Título: Fim de uma relação especial com o Leste Europeu
Autor: Mello,Patrícia Campos
Fonte: O Estado de São Paulo, 18/09/2009, Internacional, p. A14

No minúsculo povoado polonês de Redzikowo está o que outrora foi uma importante base aérea - isso antes de o Pacto de Varsóvia ser extinto, em 1991. Hoje, as instalações estão em ruínas. E a modernização das Forças Armadas foi feita em detrimento de empregos para a população civil local.

Assim, não é surpresa que, quando os EUA escolheram Redzikowo como um dos possíveis locais para a instalação de seu escudo antimísseis, a esperança era que a base aérea e a economia local fossem revitalizadas e a segurança da Polônia fosse assegurada pela permanência de militares estrangeiros.

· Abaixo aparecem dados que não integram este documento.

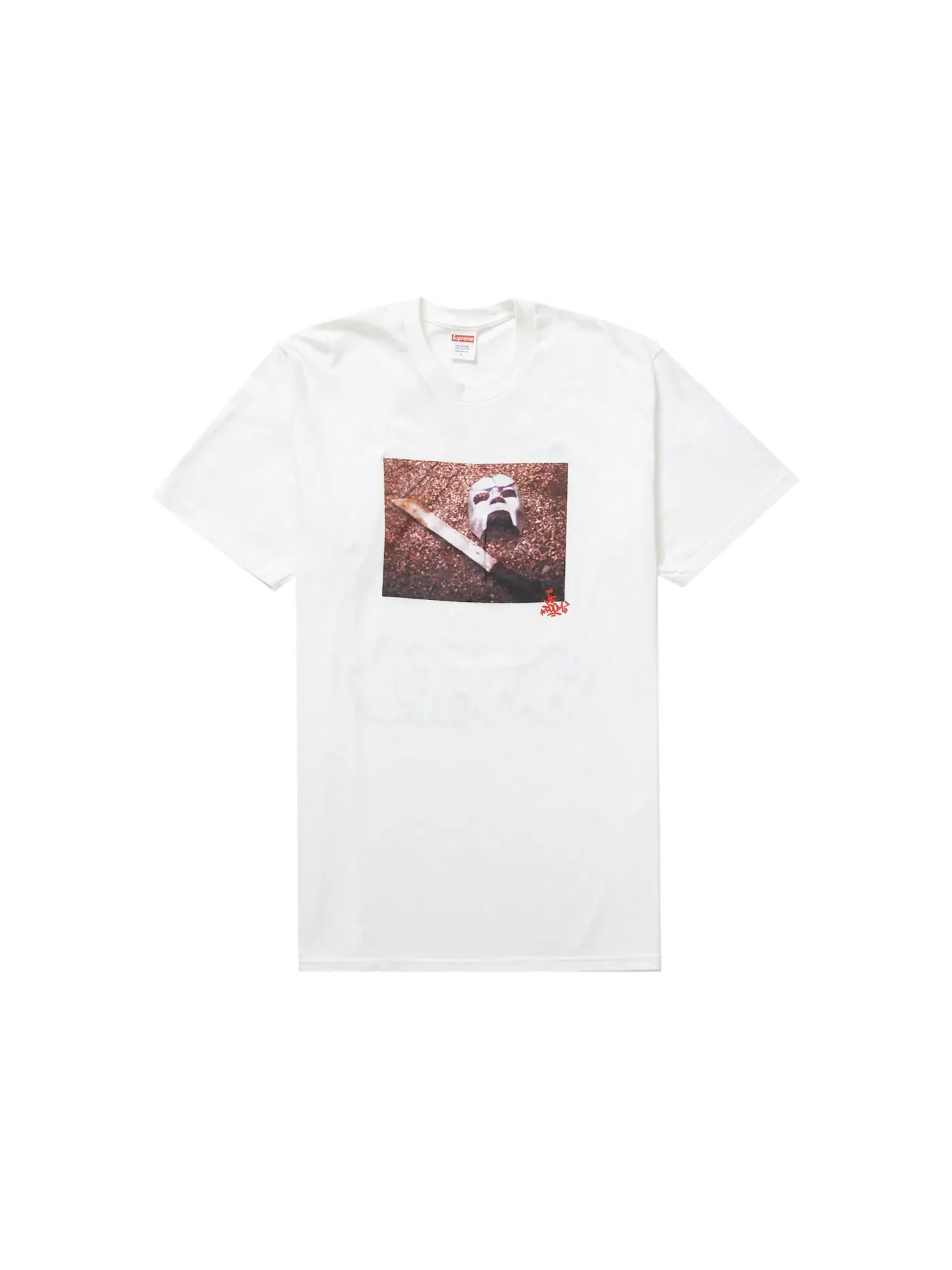Мужская футболка с принтом MF DOOM Tee Supreme — изображение 1 из 2, белый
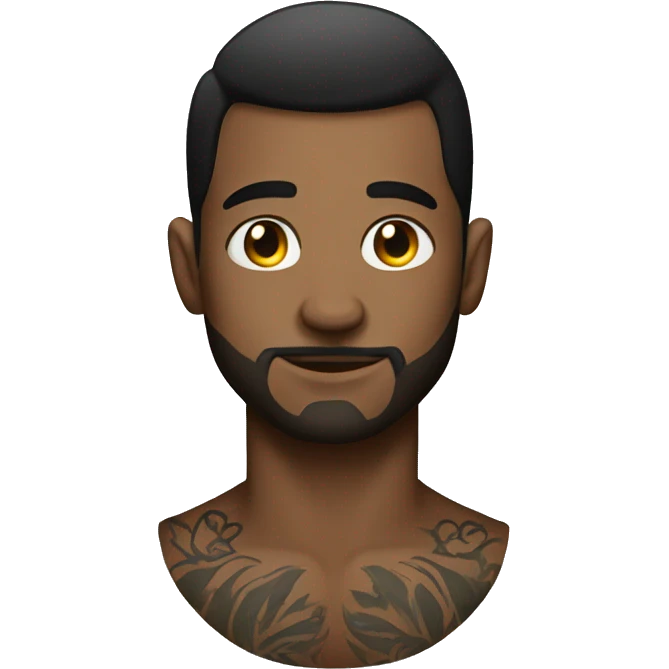Man with tatoos emoji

Esses eram os planos do governo de George W. Bush, que manteve relações excepcionalmente estreitas com Polônia, República Checa e Romênia. Sob o governo Bush, os países da Europa Oriental apoiaram a guerra dos EUA contra o terrorismo. Não seguiram a política de muitos países da União Europeia (UE), apoiando a invasão do Iraque e enviando tropas para lá. Mas fecharam os olhos para os centros de interrogatório.

"Os países do Leste Europeu assumiram riscos em favor dos EUA na guerra no Iraque e Afeganistão", disse Ron Asmus, diretor em Bruxelas do Fundo Marshall Alemão dos EUA.

Com Barack Obama na Casa Branca, a instalação do escudo começou a ser questionada por causa de seu custo, eficácia e localização. Como resultado, as certezas da era Bush deram lugar a um sentimento de traição por parte dos europeus do leste.

Mais importante para o governo Obama é retomar as relações com a Rússia após anos de abandono por parte de Bush. A Rússia, cujo apoio é necessário em questões importantes como Irã, proliferação nuclear e Oriente Médio, deixa a Europa Oriental em segundo plano.

"Obama tem diferentes prioridades e está se concentrando nos problemas globais", disse Stephen Flanagan, vice-presidente do Centro de Estudos Estratégicos e Internacionais, em Washington. "Talvez o governo ache que os problemas da Europa Central e Oriental sejam resolvidos agora que esses países fazem parte da UE e da Otan."

Uma das técnicas usadas pela equipe de Bush foi colocar os europeus uns contra os outros. Adulou o leste com visitas de alto nível e apoiou a adesão da Geórgia e da Ucrânia à Otan. Ao mesmo tempo, estendeu o tapete vermelho para o ex-premiê britânico Tony Blair, que apoiou a guerra no Iraque, e desconsiderou o ex-chanceler alemão Gerhard Schroeder, que se opôs à invasão. Com a Rússia, assumiu uma posição dura.

Essas divisões agradavam Bush. Era mais fácil tratar com uma Europa dividida do que com uma unida e forte. Mas Obama está mais concentrado no Afeganistão e depende pouco dos europeus. Não há por que dar um tratamento especial ao leste, ou perder seu tempo dividindo o continente.

"Há uma falta de conexão entre os países europeus e os EUA", disse Flanagan. "O governo americano está concentrado nas questões globais. Ele não é eurocêntrico e gostaria de fato que os europeus adotassem uma visão global também."

As elites políticas americanas também estão mudando. As conferências sobre segurança na Europa ainda podem atrair figuras como Zbigniew Brzezinski, Madeleine Albright ou Henry Kissinger, todos eles com antecedentes europeus. Mas essa geração está sendo substituída por uma sem nenhuma experiência da 2ª Guerra ou da era comunista.

O que pode não ser mau. Não é hora de se aborrecer com o tratamento dado por Obama à Europa. Os países da Europa Oriental devem desistir do escudo antimíssil e ver que seu futuro está na UE. Uma UE forte pode, de fato, fortalecer a relação transatlântica. E isso pode criar um novo papel para os próprios europeus do Leste.